* _TASK OBJECTIVE_:
When the line containing "Factory Direct Sales" is found in the data below, give it again along with every later line, exactly; drop the pictures.

* _Captioned web images_:
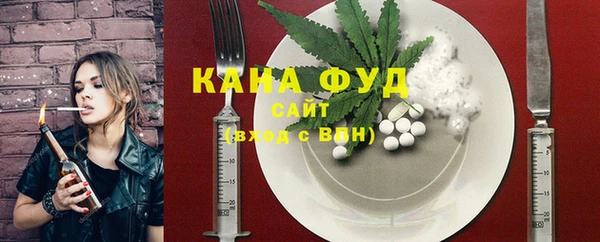 бутират Ельня
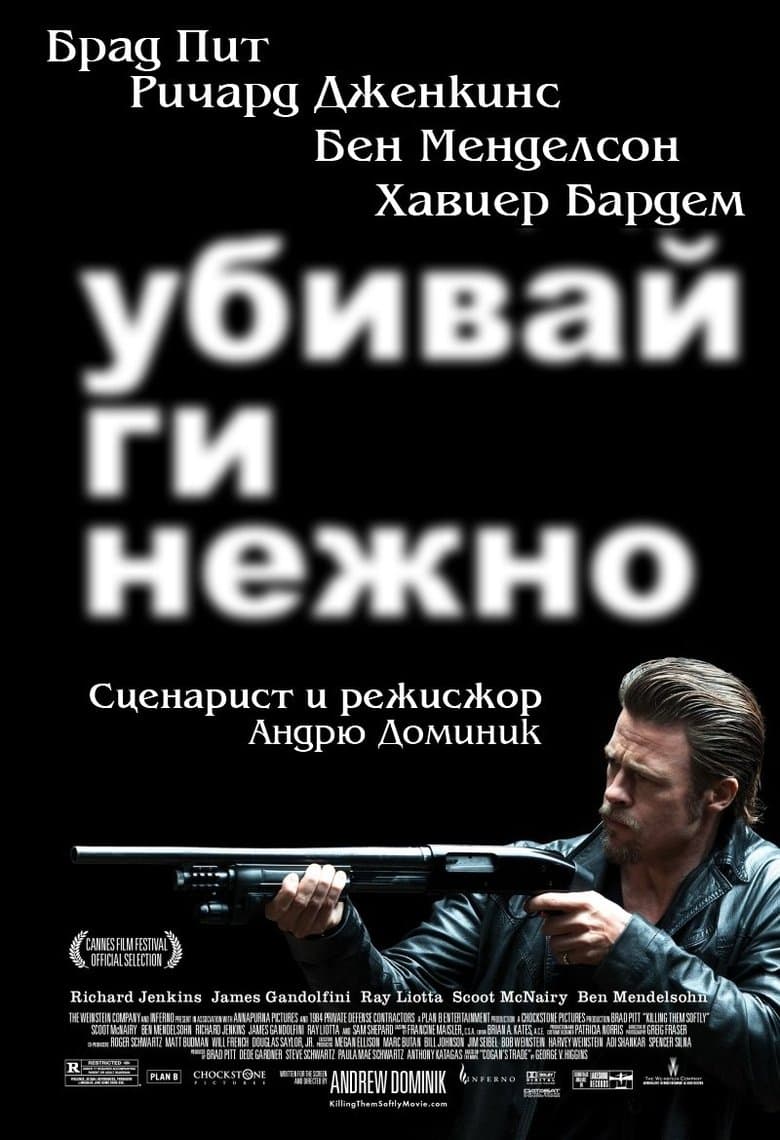 Killing Them Softly / Убивай ги нежно (2012) BG AUDIO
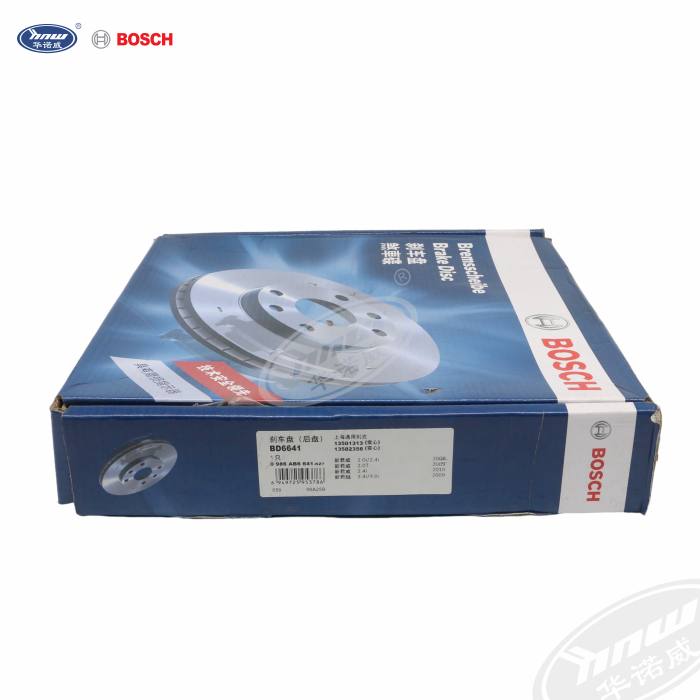 Factory Direct Sales 13501313 0986AB6641 BD6641 Brake Discs 5000 Kinds for Buick Chevrolet 2.0 Manufactured with Purpose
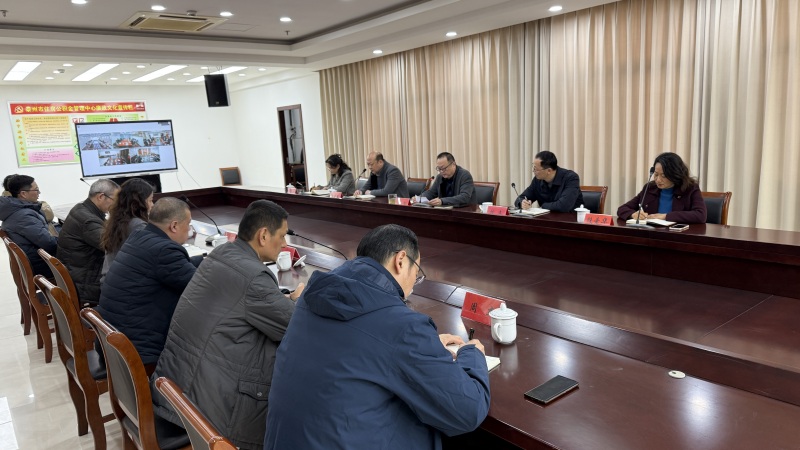 微信图片_20250317132410.jpg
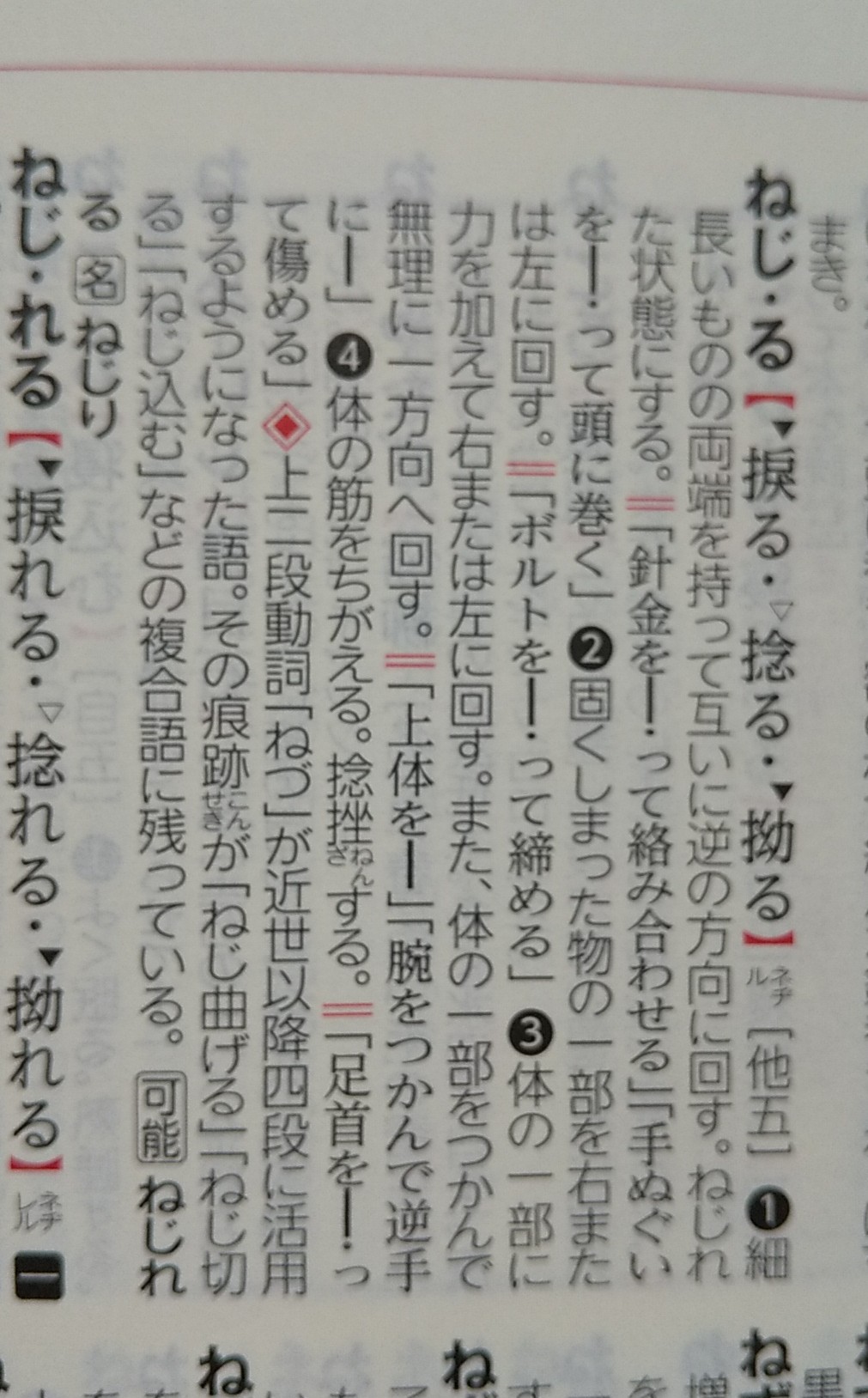 後藤耕 ねじる 漢字で書くことは少ないと思いますが 捩る 捻る 拗る などを当てます しかし 捩 は よじる もじる 捻 は ひねる 拗 は すねる こじれる などの読みがあって判別しにくいときがあるので ひらがな書きが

* _SOLVED PROBLEM_:
 Factory Direct Sales 13501313 0986AB6641 BD6641 Brake Discs 5000 Kinds for Buick Chevrolet 2.0 Manufactured with Purpose
 微信图片_20250317132410.jpg
 後藤耕 ねじる 漢字で書くことは少ないと思いますが 捩る 捻る 拗る などを当てます しかし 捩 は よじる もじる 捻 は ひねる 拗 は すねる こじれる などの読みがあって判別しにくいときがあるので ひらがな書きが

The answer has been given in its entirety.